AIM OF THE TASK => All of the data below must be reproduced word for word, but without its images.

Records from a dataset =>
■ ■ ■ ■ ■ ■ ■

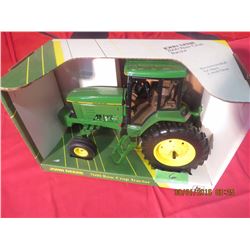 1/16 Scale John Deere 7600 Row Crop #5627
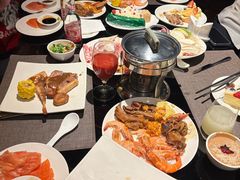 -唐拉雅秀酒店-西锦汇空中BBQ·思创餐厅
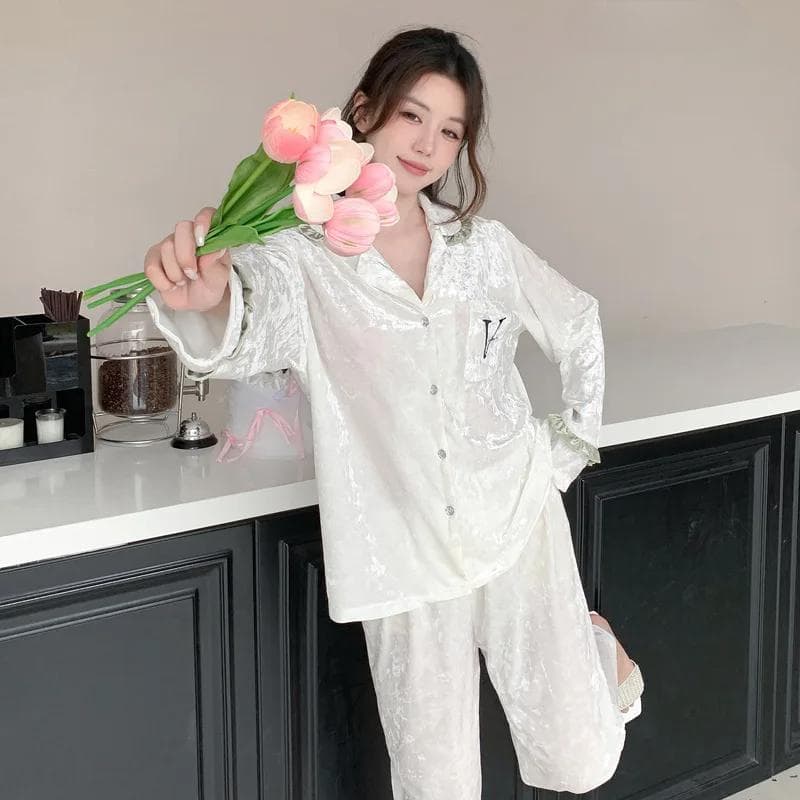 Autumn and Winter Gold Velvet Pajamas Women's Gold Diamond Suit Long-sleeved Trousers Pajamas Two-piece Set XL white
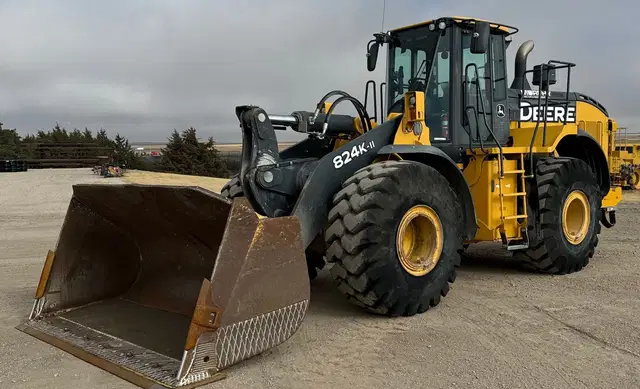 2016 John Deere 824K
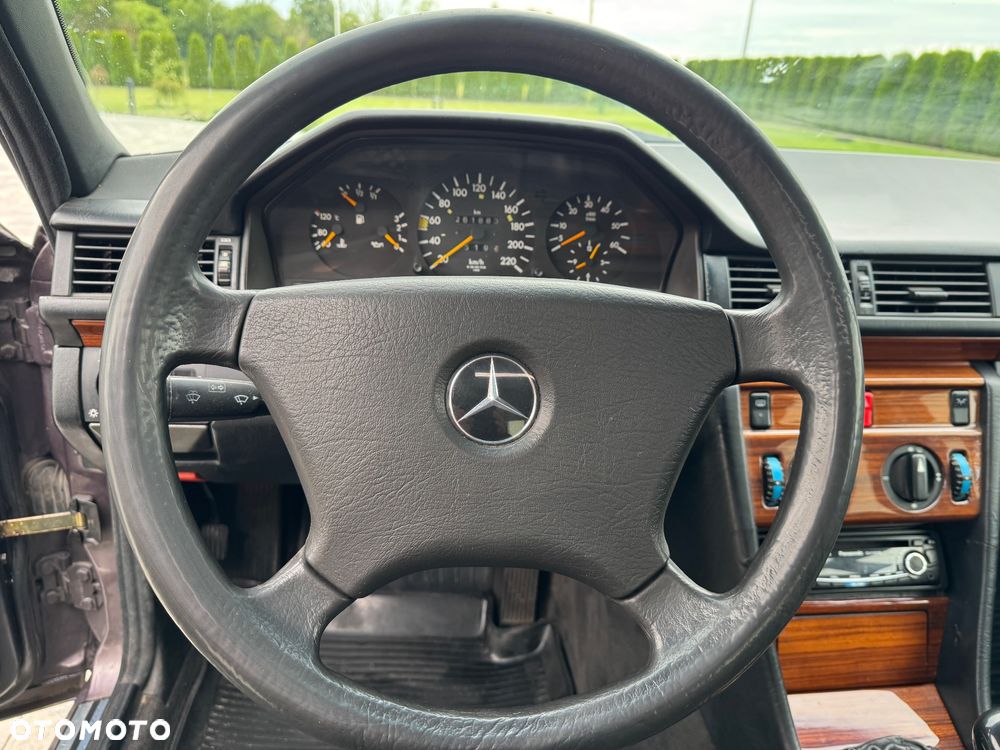 Mercedes-Benz W124 (1984-1993) - 18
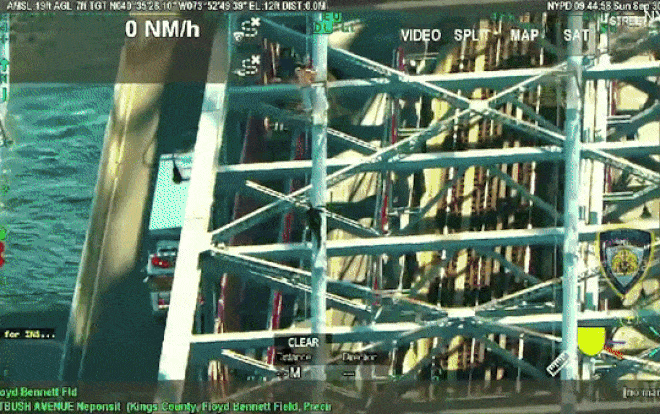 Thót tim khoảnh khắc cảnh sát giải cứu người đàn ông định tự tử trên cầu treo Ảnh 2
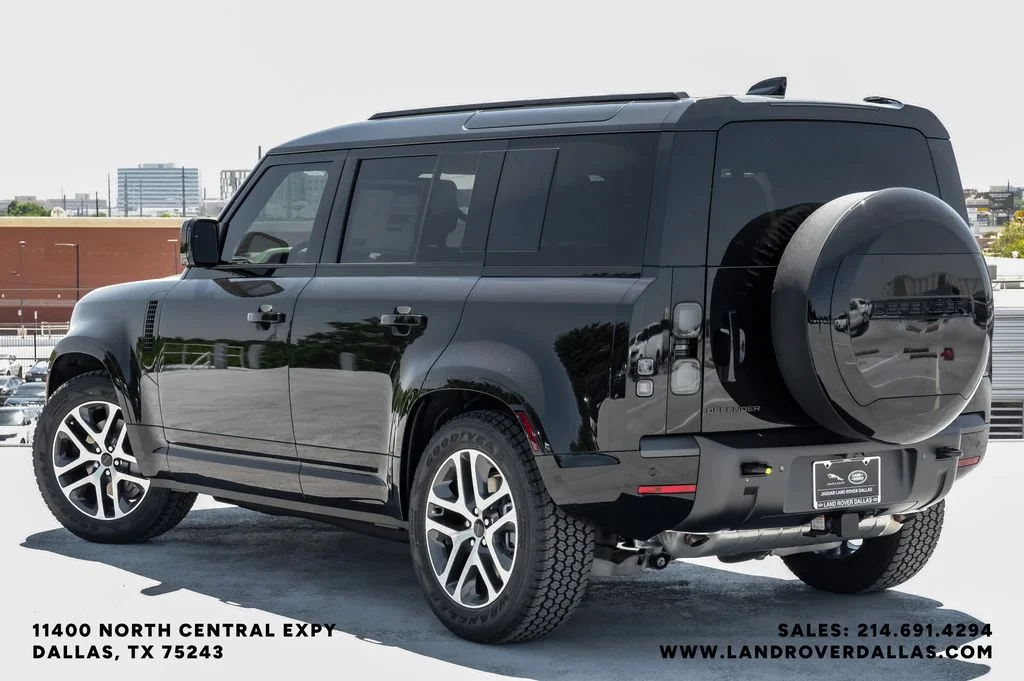New 2026 Santorini Black Metallic Land Rover X-Dynamic SE image 8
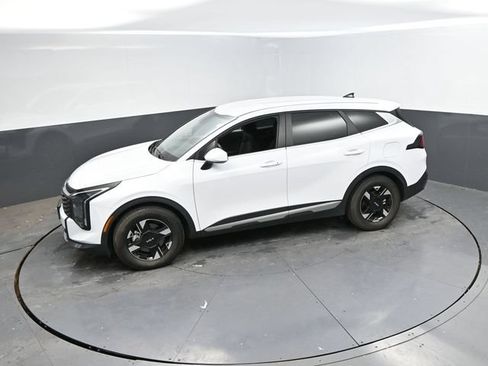 Used 2026 Kia Sportage LX FWD image 42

■ ■ ■ ■ ■ ■ ■

REPLY =>
 1/16 Scale John Deere 7600 Row Crop #5627
 -唐拉雅秀酒店-西锦汇空中BBQ·思创餐厅
 Autumn and Winter Gold Velvet Pajamas Women's Gold Diamond Suit Long-sleeved Trousers Pajamas Two-piece Set XL white
 2016 John Deere 824K
 Mercedes-Benz W124 (1984-1993) - 18
 Thót tim khoảnh khắc cảnh sát giải cứu người đàn ông định tự tử trên cầu treo Ảnh 2
New 2026 Santorini Black Metallic Land Rover X-Dynamic SE image 8
 Used 2026 Kia Sportage LX FWD image 42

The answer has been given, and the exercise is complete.